**WORK TO BE COMPLETED:** Every line in the data below from the one containing "Agente inmobiliario entregando" down to the one containing "CYRATA SANDALS", both included, must be retyped exactly; no other line is to appear.

**DATASET RECORDS:**
BEGIN

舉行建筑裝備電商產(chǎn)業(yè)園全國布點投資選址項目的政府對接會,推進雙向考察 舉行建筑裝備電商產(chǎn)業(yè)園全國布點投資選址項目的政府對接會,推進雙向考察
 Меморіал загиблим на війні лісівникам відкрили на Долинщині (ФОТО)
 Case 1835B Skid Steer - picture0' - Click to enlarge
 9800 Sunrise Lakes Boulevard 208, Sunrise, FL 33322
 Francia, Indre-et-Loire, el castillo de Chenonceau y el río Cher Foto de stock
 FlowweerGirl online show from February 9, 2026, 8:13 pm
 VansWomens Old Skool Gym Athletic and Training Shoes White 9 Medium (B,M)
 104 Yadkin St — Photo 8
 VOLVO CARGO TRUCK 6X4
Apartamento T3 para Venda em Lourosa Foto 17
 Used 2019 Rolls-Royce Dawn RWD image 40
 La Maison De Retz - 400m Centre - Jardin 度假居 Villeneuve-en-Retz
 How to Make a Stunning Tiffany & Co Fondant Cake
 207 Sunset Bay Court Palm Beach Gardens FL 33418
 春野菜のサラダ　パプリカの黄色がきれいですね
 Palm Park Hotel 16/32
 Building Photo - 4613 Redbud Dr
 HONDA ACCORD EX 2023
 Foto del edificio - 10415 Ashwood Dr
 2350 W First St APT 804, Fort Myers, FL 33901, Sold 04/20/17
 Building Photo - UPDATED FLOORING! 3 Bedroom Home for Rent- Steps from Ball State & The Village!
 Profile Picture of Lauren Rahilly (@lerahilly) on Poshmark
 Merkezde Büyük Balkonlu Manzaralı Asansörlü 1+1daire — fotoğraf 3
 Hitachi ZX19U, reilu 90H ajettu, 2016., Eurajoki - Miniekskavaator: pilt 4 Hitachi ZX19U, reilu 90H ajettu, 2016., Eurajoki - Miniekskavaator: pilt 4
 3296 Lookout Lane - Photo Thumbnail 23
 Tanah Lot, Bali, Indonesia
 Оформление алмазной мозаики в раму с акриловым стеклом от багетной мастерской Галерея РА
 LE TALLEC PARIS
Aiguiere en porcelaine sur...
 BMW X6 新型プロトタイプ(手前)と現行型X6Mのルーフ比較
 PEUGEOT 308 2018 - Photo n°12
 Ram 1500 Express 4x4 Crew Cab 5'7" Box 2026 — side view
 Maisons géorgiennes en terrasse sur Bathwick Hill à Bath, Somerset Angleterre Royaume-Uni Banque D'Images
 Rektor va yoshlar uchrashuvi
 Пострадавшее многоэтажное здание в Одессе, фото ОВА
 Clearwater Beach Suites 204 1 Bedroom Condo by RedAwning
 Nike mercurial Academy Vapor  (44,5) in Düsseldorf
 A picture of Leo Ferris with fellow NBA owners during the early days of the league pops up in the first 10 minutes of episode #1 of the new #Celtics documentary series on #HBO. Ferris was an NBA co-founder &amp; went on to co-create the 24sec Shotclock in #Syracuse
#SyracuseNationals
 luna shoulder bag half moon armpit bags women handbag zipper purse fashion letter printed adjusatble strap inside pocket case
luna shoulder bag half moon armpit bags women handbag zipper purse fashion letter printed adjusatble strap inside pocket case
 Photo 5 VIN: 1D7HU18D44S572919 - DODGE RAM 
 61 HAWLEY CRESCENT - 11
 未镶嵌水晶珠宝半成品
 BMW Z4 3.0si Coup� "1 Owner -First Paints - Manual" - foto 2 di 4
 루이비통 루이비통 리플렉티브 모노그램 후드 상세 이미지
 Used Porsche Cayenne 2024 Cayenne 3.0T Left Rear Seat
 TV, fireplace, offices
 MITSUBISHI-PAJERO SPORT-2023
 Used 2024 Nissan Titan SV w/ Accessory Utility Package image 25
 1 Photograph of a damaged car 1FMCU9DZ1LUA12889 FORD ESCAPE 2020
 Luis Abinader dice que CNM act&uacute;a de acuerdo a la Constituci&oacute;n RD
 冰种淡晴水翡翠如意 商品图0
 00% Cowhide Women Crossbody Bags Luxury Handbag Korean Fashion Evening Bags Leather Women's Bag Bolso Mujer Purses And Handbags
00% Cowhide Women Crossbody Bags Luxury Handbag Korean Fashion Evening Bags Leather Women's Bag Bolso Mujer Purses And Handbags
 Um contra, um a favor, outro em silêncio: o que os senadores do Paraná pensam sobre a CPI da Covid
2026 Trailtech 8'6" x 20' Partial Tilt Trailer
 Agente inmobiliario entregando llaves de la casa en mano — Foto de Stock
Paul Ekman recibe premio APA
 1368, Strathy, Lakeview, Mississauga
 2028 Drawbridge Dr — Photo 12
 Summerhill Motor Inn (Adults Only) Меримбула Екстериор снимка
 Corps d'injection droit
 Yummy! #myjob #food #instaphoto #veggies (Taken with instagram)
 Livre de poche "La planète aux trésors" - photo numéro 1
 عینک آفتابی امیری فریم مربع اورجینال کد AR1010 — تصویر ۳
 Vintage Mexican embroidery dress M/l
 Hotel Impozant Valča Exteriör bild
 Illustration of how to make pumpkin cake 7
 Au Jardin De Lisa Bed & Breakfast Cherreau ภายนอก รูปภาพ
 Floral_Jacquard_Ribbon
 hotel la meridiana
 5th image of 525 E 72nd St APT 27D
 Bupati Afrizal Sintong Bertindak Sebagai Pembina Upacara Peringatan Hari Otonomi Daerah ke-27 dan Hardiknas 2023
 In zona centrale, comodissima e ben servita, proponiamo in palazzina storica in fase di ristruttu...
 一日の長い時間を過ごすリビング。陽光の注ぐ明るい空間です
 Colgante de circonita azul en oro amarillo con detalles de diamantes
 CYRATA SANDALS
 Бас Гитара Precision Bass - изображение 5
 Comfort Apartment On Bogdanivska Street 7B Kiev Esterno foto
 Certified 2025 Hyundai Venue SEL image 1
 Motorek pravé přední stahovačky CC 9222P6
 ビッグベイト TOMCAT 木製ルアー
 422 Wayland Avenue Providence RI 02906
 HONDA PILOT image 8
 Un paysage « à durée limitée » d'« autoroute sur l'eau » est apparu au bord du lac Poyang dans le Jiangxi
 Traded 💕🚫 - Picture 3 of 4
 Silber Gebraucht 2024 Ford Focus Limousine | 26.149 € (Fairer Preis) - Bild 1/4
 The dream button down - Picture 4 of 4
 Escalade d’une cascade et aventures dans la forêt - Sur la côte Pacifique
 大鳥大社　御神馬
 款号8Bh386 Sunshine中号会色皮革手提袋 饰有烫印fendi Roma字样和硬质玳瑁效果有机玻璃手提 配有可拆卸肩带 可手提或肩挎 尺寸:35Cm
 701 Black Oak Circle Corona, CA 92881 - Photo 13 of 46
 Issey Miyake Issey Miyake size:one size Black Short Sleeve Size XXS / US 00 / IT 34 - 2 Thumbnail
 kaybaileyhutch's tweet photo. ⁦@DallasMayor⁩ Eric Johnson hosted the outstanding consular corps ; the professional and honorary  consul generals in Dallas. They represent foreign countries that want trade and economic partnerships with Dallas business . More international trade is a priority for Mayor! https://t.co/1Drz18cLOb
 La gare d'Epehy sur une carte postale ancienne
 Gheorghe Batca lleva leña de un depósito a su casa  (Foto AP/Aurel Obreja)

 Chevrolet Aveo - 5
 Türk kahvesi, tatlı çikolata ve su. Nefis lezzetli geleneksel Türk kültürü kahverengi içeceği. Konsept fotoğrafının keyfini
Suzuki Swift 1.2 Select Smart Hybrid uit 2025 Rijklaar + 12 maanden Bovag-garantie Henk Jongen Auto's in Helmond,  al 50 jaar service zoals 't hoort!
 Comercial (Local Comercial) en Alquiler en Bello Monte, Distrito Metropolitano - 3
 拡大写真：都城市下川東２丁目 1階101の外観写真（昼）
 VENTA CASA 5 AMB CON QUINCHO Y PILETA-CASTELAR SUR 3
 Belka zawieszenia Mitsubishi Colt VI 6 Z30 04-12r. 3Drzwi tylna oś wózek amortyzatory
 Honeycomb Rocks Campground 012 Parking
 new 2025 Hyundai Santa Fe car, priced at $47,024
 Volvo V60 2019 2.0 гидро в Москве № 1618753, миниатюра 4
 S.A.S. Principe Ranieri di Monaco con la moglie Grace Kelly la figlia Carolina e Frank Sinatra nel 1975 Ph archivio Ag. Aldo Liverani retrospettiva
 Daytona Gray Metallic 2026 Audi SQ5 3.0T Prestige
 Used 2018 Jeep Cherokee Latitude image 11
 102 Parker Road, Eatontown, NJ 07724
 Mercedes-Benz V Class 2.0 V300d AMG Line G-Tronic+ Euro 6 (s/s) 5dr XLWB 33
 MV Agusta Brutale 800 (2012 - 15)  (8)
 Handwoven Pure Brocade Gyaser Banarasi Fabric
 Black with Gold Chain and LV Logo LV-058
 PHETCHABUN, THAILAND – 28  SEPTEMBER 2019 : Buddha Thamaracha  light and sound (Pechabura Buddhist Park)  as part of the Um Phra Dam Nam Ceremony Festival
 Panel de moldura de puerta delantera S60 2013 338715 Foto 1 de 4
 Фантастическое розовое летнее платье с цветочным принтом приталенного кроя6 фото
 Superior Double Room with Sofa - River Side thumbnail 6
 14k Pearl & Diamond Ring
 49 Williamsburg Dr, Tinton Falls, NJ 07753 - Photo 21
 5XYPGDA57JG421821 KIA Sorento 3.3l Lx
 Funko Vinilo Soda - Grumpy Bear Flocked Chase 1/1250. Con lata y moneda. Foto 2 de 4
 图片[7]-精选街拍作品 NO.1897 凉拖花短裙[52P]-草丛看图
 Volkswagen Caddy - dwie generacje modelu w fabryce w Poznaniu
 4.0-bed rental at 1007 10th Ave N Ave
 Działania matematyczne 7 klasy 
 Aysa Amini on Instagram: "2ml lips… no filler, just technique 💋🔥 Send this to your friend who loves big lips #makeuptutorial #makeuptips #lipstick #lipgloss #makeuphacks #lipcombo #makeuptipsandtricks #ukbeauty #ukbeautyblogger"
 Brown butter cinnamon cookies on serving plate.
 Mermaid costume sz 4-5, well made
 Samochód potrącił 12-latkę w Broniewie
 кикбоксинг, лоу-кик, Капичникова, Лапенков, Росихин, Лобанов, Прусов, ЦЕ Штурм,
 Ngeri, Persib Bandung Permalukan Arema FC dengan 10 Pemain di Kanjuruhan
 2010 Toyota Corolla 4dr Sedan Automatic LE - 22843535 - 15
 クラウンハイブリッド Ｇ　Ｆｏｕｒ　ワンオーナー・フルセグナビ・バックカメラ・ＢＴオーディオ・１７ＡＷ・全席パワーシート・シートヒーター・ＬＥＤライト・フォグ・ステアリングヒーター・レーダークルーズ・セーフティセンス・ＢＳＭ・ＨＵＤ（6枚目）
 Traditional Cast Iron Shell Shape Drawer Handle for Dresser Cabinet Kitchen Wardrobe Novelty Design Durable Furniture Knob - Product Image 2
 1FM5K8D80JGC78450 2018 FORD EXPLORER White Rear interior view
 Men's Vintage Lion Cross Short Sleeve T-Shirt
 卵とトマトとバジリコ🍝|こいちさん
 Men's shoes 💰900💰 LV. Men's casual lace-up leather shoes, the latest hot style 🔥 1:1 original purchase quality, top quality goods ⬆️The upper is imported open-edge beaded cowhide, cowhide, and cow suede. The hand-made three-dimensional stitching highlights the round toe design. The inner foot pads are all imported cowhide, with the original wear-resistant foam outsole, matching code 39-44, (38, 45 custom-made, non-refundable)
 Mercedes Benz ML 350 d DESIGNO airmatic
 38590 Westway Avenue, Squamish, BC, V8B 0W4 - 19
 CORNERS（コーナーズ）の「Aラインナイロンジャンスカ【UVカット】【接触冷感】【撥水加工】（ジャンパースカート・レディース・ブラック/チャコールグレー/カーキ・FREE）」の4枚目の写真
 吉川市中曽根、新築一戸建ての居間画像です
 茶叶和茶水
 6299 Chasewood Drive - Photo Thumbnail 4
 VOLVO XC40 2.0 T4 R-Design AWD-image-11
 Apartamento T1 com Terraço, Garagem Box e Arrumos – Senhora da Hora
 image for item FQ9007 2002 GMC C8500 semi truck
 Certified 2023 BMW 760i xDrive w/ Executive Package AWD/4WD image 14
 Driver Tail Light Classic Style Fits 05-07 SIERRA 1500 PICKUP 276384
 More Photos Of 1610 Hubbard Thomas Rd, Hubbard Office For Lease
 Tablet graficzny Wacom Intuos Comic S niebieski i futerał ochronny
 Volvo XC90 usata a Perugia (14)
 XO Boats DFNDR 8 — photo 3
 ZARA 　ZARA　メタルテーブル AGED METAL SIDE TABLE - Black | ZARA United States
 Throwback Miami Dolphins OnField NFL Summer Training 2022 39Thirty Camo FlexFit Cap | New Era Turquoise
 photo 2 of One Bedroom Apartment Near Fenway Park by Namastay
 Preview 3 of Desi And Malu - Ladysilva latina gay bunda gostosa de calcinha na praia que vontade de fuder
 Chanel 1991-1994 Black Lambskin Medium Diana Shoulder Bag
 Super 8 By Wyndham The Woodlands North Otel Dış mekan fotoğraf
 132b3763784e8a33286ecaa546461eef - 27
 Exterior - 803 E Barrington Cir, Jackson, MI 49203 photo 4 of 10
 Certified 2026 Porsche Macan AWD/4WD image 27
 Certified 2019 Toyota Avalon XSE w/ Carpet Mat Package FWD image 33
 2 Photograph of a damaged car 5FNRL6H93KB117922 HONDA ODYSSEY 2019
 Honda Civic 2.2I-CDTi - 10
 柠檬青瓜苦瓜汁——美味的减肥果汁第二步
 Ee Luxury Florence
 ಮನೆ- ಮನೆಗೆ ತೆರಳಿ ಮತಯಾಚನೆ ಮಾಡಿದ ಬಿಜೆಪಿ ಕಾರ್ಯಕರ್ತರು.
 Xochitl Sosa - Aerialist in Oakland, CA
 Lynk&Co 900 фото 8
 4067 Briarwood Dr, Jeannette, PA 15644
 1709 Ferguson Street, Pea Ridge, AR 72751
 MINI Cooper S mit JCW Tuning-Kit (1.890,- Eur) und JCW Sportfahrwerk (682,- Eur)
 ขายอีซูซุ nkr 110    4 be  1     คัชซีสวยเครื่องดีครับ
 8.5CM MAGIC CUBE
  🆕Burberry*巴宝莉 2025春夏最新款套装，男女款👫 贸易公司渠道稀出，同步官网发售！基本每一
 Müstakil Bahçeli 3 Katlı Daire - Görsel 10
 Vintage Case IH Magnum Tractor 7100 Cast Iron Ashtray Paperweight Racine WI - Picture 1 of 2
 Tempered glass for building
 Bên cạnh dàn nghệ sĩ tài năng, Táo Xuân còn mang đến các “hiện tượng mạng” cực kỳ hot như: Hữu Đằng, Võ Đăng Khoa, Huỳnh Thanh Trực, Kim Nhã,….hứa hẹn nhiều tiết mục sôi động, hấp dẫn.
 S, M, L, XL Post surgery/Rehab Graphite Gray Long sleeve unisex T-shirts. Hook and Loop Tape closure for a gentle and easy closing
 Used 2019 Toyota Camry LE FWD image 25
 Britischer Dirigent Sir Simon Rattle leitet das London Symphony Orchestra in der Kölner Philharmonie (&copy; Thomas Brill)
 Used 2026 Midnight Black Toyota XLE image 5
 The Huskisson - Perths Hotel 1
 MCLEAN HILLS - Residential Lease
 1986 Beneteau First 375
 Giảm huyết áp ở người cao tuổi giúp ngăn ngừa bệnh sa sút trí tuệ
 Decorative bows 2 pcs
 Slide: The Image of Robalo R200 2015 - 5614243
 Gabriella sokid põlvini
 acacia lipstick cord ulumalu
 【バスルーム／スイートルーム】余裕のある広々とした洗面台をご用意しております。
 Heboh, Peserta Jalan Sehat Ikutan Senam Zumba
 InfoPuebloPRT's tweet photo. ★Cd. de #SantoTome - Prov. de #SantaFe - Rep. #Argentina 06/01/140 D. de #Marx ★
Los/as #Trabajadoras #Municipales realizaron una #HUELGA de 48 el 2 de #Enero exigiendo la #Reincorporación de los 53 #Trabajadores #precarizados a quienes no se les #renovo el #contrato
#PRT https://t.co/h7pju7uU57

END

**RESULT OF THIS EXERCISE:**
 Agente inmobiliario entregando llaves de la casa en mano — Foto de Stock
Paul Ekman recibe premio APA
 1368, Strathy, Lakeview, Mississauga
 2028 Drawbridge Dr — Photo 12
 Summerhill Motor Inn (Adults Only) Меримбула Екстериор снимка
 Corps d'injection droit
 Yummy! #myjob #food #instaphoto #veggies (Taken with instagram)
 Livre de poche "La planète aux trésors" - photo numéro 1
 عینک آفتابی امیری فریم مربع اورجینال کد AR1010 — تصویر ۳
 Vintage Mexican embroidery dress M/l
 Hotel Impozant Valča Exteriör bild
 Illustration of how to make pumpkin cake 7
 Au Jardin De Lisa Bed & Breakfast Cherreau ภายนอก รูปภาพ
 Floral_Jacquard_Ribbon
 hotel la meridiana
 5th image of 525 E 72nd St APT 27D
 Bupati Afrizal Sintong Bertindak Sebagai Pembina Upacara Peringatan Hari Otonomi Daerah ke-27 dan Hardiknas 2023
 In zona centrale, comodissima e ben servita, proponiamo in palazzina storica in fase di ristruttu...
 一日の長い時間を過ごすリビング。陽光の注ぐ明るい空間です
 Colgante de circonita azul en oro amarillo con detalles de diamantes
 CYRATA SANDALS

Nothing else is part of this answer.